Voi siete la nostra speranza, i giovani sono la nostra speranza. Non lasciate che quella speranza muoia! Scommettete la vostra vita su di essa! Noi non siamo la somma delle nostre debolezze e dei nostri fallimenti; al contrario, siamo la somma dell’amore del Padre per noi e della nostra reale capacità di divenire l’immagine del Figlio suo”.

Queste benedicenti Parole di Vita sono state proferite il 28 luglio 2003 a Toronto da Giovanni Paolo II. Egli, in quella occasione, nutrì l’anima ed il cuore di uno sterminato, variopinto e traboccante numero di giovani, sottoponendo le loro biografie ed i loro destini ad una visione profetica positiva. Queste parole costituiscono la più efficace, meravigliosa ed affascinate sintesi della XVII Giornata Mondiale della Gioventù.

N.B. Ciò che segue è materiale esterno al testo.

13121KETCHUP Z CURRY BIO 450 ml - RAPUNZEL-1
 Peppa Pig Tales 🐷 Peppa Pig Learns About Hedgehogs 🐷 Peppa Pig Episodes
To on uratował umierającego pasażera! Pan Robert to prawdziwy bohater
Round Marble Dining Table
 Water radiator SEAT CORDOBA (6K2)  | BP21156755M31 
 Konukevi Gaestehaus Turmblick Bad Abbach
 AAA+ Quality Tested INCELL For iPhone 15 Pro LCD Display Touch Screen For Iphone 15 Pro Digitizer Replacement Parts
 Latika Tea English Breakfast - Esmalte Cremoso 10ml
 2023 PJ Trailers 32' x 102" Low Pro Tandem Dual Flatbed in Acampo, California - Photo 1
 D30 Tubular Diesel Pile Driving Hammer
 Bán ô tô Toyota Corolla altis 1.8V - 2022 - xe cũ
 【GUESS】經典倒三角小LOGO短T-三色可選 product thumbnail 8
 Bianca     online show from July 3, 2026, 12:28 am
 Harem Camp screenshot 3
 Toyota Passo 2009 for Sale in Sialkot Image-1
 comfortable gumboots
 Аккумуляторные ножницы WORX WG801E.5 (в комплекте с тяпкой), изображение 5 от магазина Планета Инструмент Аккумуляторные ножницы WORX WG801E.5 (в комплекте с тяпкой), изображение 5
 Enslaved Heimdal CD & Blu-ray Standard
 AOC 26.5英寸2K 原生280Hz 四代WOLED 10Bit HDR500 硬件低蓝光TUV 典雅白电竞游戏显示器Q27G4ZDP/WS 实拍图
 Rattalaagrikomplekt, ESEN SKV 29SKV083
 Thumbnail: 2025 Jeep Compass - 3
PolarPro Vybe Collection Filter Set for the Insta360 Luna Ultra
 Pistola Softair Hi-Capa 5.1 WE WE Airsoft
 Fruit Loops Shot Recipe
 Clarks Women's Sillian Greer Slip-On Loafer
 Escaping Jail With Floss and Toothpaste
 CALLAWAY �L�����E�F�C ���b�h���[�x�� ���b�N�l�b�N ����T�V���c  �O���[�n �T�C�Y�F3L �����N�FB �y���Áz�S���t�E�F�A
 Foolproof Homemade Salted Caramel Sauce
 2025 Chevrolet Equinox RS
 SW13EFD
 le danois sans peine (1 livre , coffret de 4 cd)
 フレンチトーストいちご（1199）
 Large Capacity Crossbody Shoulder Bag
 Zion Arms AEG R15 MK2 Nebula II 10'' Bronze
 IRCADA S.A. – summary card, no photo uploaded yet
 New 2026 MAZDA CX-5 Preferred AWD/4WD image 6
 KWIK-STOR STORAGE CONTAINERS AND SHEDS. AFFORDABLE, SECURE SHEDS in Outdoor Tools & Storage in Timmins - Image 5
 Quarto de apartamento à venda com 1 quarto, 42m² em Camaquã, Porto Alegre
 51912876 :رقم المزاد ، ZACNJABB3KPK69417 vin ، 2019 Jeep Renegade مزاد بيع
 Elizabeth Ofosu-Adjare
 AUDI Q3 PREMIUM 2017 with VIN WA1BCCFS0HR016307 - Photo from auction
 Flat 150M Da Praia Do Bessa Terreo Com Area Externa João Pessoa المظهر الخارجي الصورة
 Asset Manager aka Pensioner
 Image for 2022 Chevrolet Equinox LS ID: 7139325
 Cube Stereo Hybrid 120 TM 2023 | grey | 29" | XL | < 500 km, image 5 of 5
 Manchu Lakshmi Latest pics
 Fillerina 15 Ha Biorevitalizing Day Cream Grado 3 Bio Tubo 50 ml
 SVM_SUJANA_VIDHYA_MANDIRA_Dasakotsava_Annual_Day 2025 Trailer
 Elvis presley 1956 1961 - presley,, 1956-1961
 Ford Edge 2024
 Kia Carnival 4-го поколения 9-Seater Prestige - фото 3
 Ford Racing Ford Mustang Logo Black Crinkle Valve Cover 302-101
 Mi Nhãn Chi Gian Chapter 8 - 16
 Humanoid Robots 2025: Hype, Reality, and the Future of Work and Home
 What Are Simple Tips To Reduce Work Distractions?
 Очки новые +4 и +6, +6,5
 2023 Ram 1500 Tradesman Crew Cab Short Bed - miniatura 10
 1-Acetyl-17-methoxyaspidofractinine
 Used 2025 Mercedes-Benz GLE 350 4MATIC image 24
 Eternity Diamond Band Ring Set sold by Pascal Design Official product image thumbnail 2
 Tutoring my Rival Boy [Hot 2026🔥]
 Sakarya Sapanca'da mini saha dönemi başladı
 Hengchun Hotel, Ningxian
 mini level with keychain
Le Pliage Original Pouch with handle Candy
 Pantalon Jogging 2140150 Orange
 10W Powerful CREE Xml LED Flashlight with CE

Egli, ponendosi in aperta e radicale antitesi rispetto all’oscura, ingiusta e fuorviante visione negativa che viene indefessamente declamata da parte della società adulta, si era assunto la feconda, affascinante ed ardua responsabilità di educare i ragazzi con rispetto. Nutriva una visione estremamente positiva, benevolente e propositiva nei confronti della gioventù, in quanto delicata e luminosa promessa di speranza per il sorgere di un nuovo, prospero e benedicente avvenire.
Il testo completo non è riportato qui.